Task objective: Would you transcribe the entries below, beginning at the line with "Used 2016 Acura TLX V6 image 3" and ending after the line with "Royal Inn Busteni-Adults Only Exterior photo", exactly, with no picture and nothing more?

Source data:
• • • •
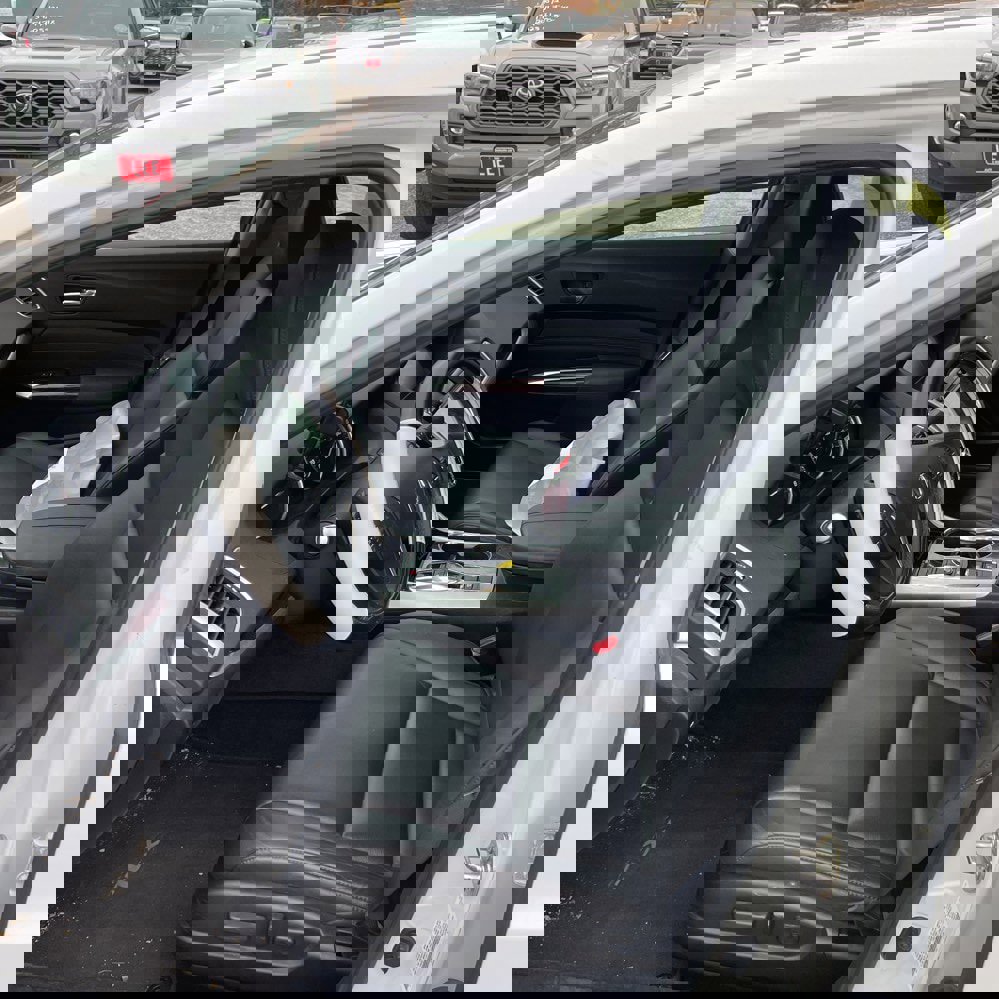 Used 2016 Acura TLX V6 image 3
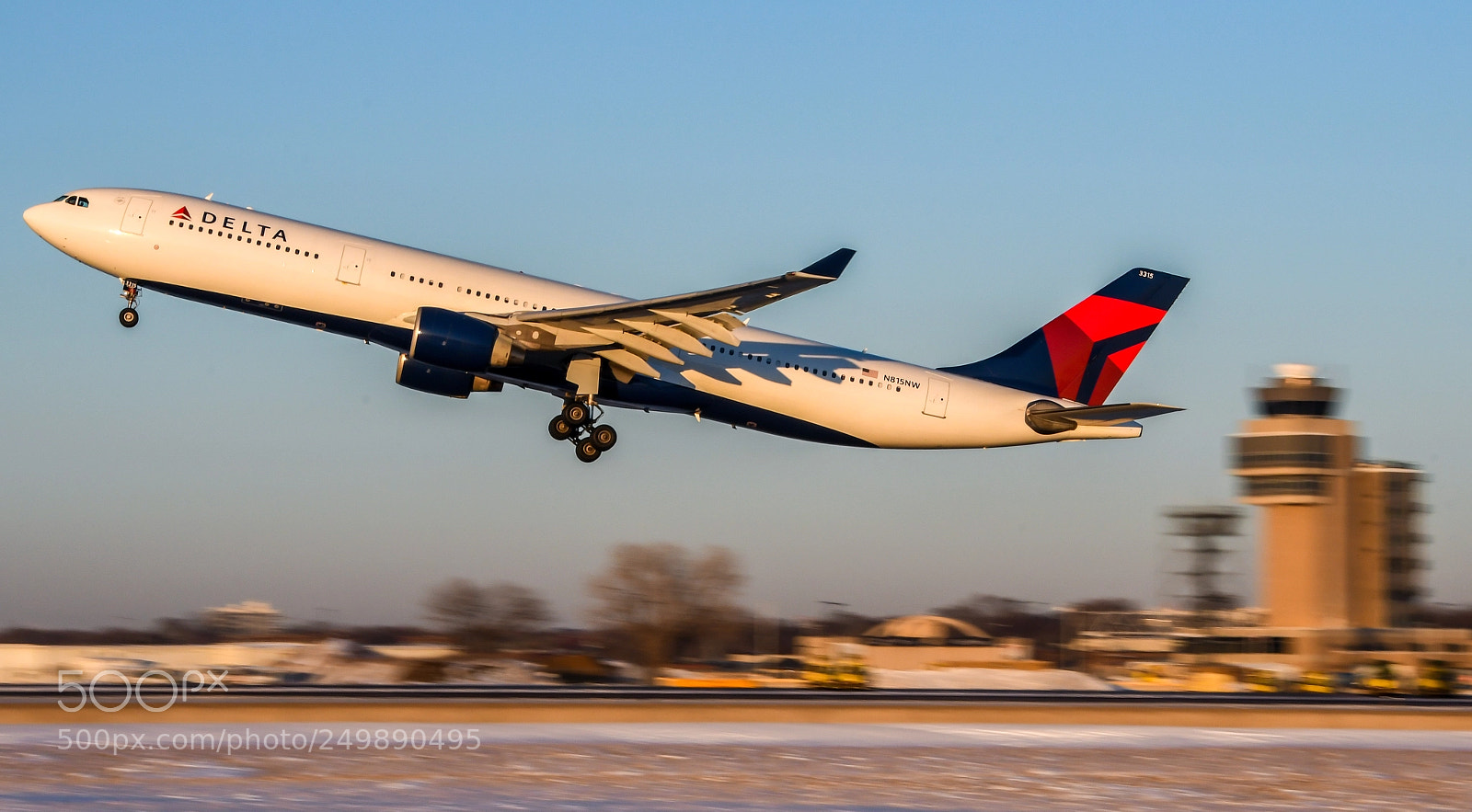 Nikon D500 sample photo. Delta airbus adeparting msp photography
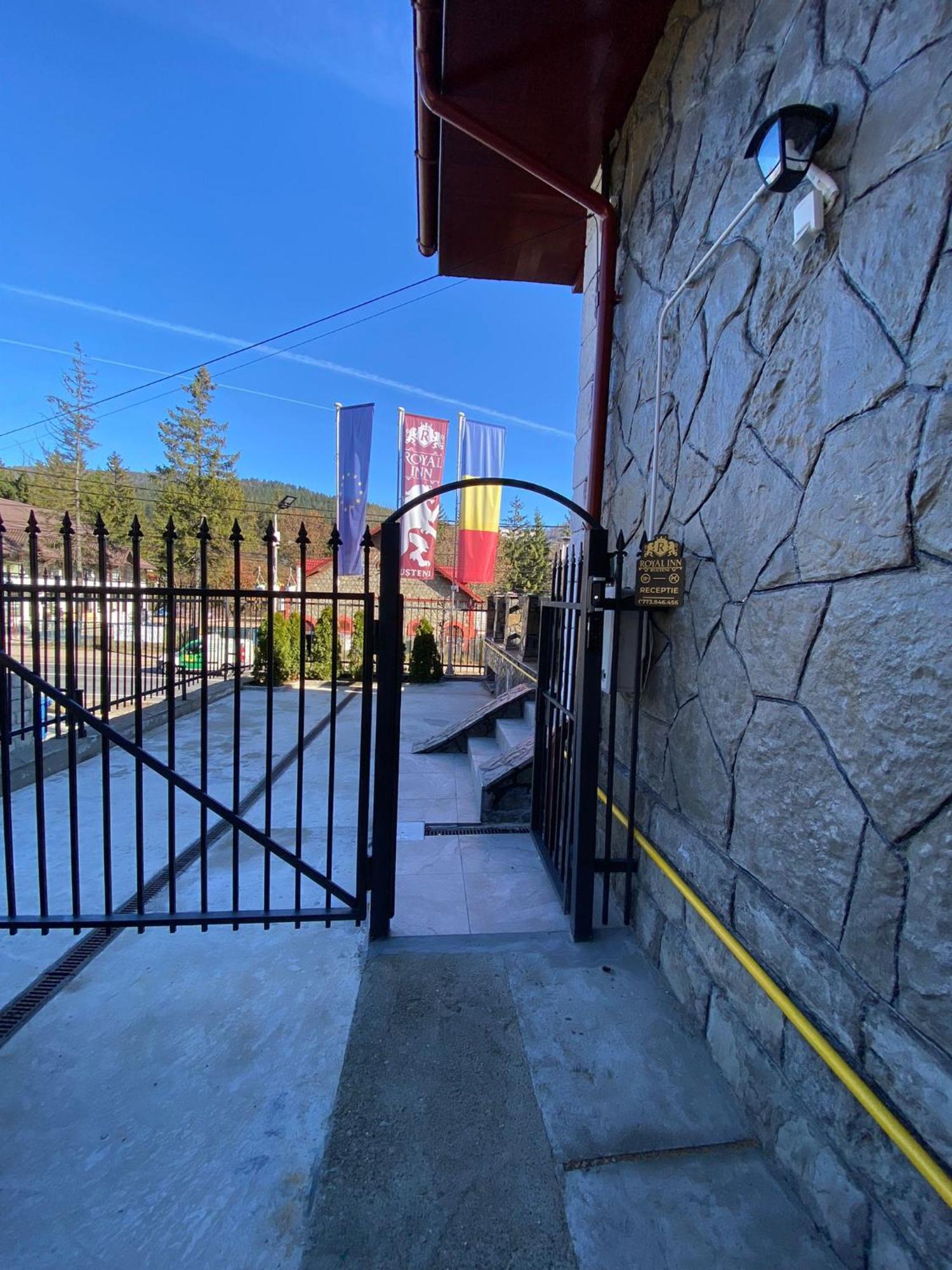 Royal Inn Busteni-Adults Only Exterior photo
• • • •
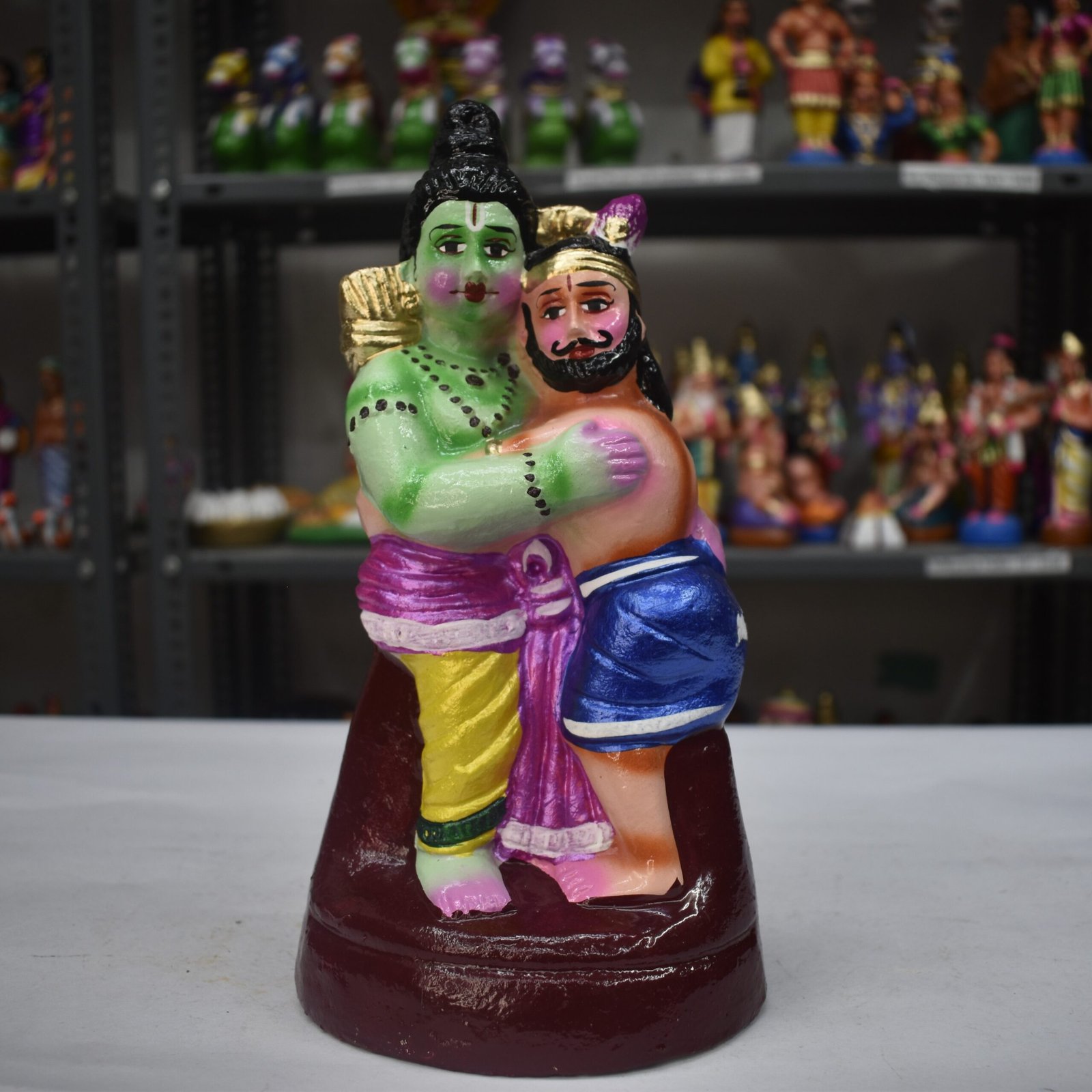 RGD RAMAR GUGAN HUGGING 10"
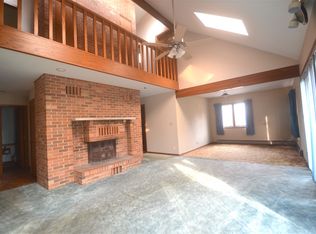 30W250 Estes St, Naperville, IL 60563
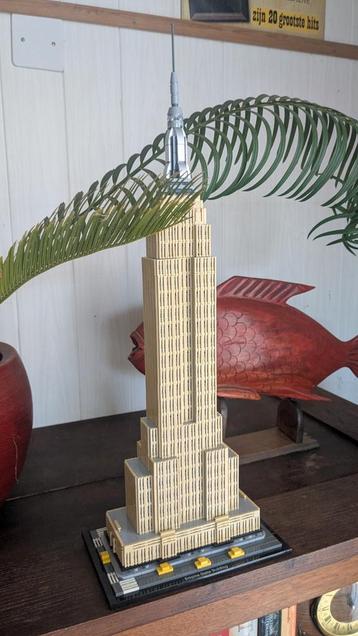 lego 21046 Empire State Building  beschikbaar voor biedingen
• • • •
Answer to this exercise:
 Used 2016 Acura TLX V6 image 3
 Nikon D500 sample photo. Delta airbus adeparting msp photography
 Royal Inn Busteni-Adults Only Exterior photo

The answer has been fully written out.